Derechos, the namesake of the new supercomputer coming to the National Center for Atmospheric Research (NCAR), are fast-moving, widespread bands of thunderstorms. Indeed, NCAR itself is moving quickly and ambitiously with the new system – its third major installation since 2012. Irfan Elahi, director of NCAR’s high-performance computing division, recently spoke to HPCwire about the development and timeline for Derecho, as well as plans further into the future.
The nuts and bolts
First, the specs: Derecho, built by HPE, will be water-cooled and predominantly powered by third-generation AMD Epyc Milan CPUs and Nvidia’s 40GB A100 GPUs, with 2,488 CPU-only dual-socket nodes (256GB of memory per node) and 82 single-socket heterogeneous nodes (four A100s and 512GB of memory per node). In total, the system is equipped with 692TB of total memory, 328 A100 GPUs and 5,058 Milan CPUs, all connected by HPE Slingshot v11 networking.
This combined hardware will deliver 19.87 peak petaflops – more than triple the performance of Derecho’s predecessor, Cheyenne (5.34 peak petaflops). Cheyenne, installed in 2016, was itself preceded by the 1.26-peak petaflops Yellowstone system in 2012.

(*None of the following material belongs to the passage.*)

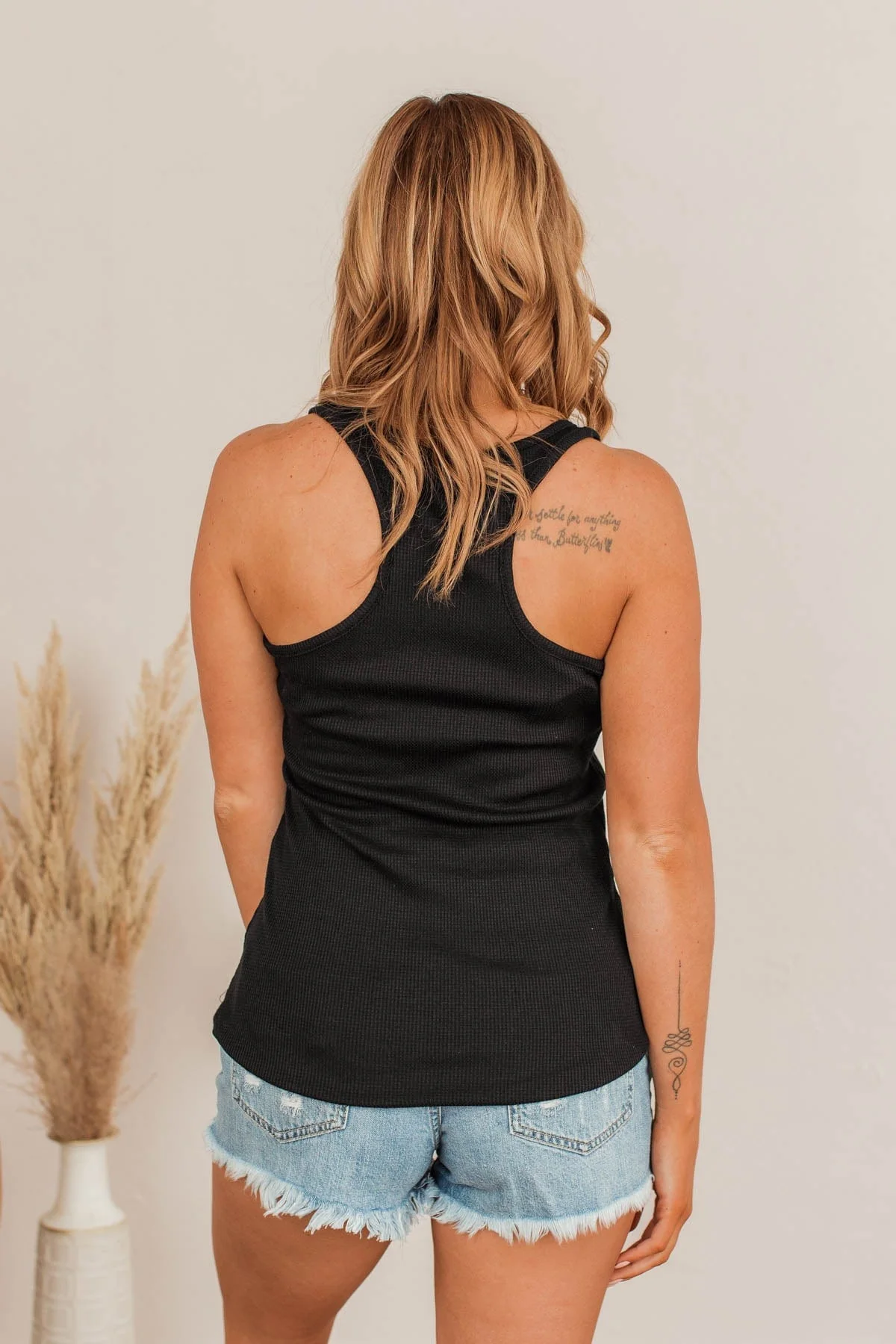 Can't Get The Best Of Me Knit Tank- Black - Image 10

Derecho’s firepower will be deployed in service of all things atmospheric and many things environmental, with Elahi noting applications ranging from severe weather (thunderstorms, tornadoes and hurricanes) and climate change to water availability, wildfires, renewable energy, subsurface flow of oil and gas, solar storms and more. “Mainly the supercomputer will enable research that will lead to more detailed and useful prediction capabilities which will have significant societal benefit,” he said, “especially by getting more resilient to climate change.”
A gathering storm
HPE’s win was announced in January of this year, but plans for Derecho had been in the works for years prior. “We kicked off this project in … late summer 2018, and we started by doing a workload analysis study,” Elahi said. “We also then created a panel … and I think that it had 43 different members – diverse both in terms of gender [and] ethnicity but also in subject matter expertise, because we wanted to … look at this subject matter expertise across the earth systems sciences, and we worked with the Science Requirement Advisory Panel to get their requirements[.]”
Through this process, NCAR developed a suite of benchmarks for measuring a new system, which was then referred to as NWSC-3 after the NCAR-Wyoming Supercomputer Center (NWSC) where NCAR’s supercomputers have been housed. With the benchmarks in hand, NCAR put out an RFI for the system, working with “four or five” potential vendors, including through a workshop that brought together researchers and vendors to strategize for system-building. After the RFP was issued and the dust settled, Elahi said that NCAR selected for the best value – not the lowest cost – and landed on HPE.
Updating the forecast
Derecho is still, however, a little ways off. First, a test system — Gust — will launch around February of 2022. Then, Elahi said, “Derecho itself is going to be delivered sometime mid-March – the first quarter of next year.” Once it’s installed and tested – a six- to seven-week process, he said – NCAR will open the system to its inaugural external users. These users will come from the Accelerated Science Discovery (ASD) program, which is soliciting proposals from researchers whose projects involve “actionable science” of relevance to NCAR’s core objectives. These ASD users, Elahi explained, would help beta test the system for a couple of months over the summer before its wider launch and help NCAR to push itself into the next generation of supercomputing. “The whole idea about ASD is these new, upcoming applications,” he said.
“After ASD, we will open it to all of the user community,” Elahi continued. However, Cheyenne – which Elahi noted has been a remarkably reliable system, with just one power outage over the last few years – will continue running until “sometime in late December of 2022.” “In order to help our users transition and migrate to the new environment, we want to provide them an overlap of six months,” Elahi said.
Derecho will be housed in the NWSC datacenter, which Elahi said was LEED Gold certified. “The most important thing, I think, is application energy efficiency,” he said, speaking to the sustainability of the new system. “Because … growth in peak or sustained computing capability is just one thing – but power efficiency is another.” So, he said, Derecho will produce around three to three and a half times more flops per watt compared to Cheyenne.
Looking further into the future, Elahi noted that computer processing was stagnating, pointing instead to technologies like accelerators, GPUs, FPGAs and AI as the sources of greater computing power and efficiency. And, he said, NCAR would be looking to push the efficiency angle even harder for its fourth system. “One of the things we want to do for our next system is also to look at carbon footprint and sustainability as a specification,” he said.